Aesthetic or taste decisions. “Should the tone of this post be more formal?” is a reasonable human question and a bad debate question. Three models’ aesthetic judgments average to mush. The framing diversity that makes the protocol valuable on technical questions works against it on taste questions.

The one confidence trap I did not predict

Over the first few months of running the protocol, I caught myself doing something I did not like: treating unanimous round-zero APPROVE as licence to ship faster than I would have without the protocol. The debate was doing the work of my own due diligence. That is exactly what I built it for, but it cuts the wrong way: when the debate converges early, it reduces my own scrutiny of the decision, which is precisely the moment the collusion failure mode bites hardest.

The fix was to add a rule I now follow: unanimous round-zero APPROVE is not a green light. It is a flag to look again specifically at what the agreement might be masking. For plans involving real-world state, I force a round 1 specifically assigned to “what did all three miss?”. The rule has not been costly. Round 1 costs a few minutes and often surfaces something interesting. The cost of skipping it, on the one occasion I did so (the controlplane rebuild), was not trivial.

Would I recommend this

If you are making a lot of agent-system or infrastructure decisions, yes. The protocol is cheap relative to the cost of a single wrong architectural decision.

If you are making one decision a month, probably not. The overhead of setting up the harness is not worth the cost saving on that volume.

If you already have two humans who will disagree with you in principled ways, you do not need the protocol. Humans are strictly better at this than models are. The protocol is a substitute for not having those humans, which is my situation and probably yours if you are running solo.

If you are making aesthetic or taste decisions, no. The protocol is built for the kinds of questions where there is a right answer (or a set of wrong answers) that three models can independently converge on. Taste is not that kind of question.

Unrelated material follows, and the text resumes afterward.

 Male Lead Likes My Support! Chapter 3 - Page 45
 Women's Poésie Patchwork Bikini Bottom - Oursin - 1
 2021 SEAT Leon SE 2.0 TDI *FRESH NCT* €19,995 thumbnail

The full harness is at [URL when published]. The prompts are there, the verdict-detection regex is there, the rotating-seat logic is there. Copy what is useful. The parts that matter most are: (1) round 0 is blind, so models cannot anchor; (2) every round requires engaging with the previous positions, not just asserting; (3) one seat per round is explicitly operational rather than architectural. Without those three, it is not really debate. It is voting with extra steps.


The debate harness, prompts, and several transcripts of dated debates (redacted for any project-specific detail) will be published alongside this post. The controlplane rebuild debrief is a worked example of how the protocol updates itself in response to its own failures.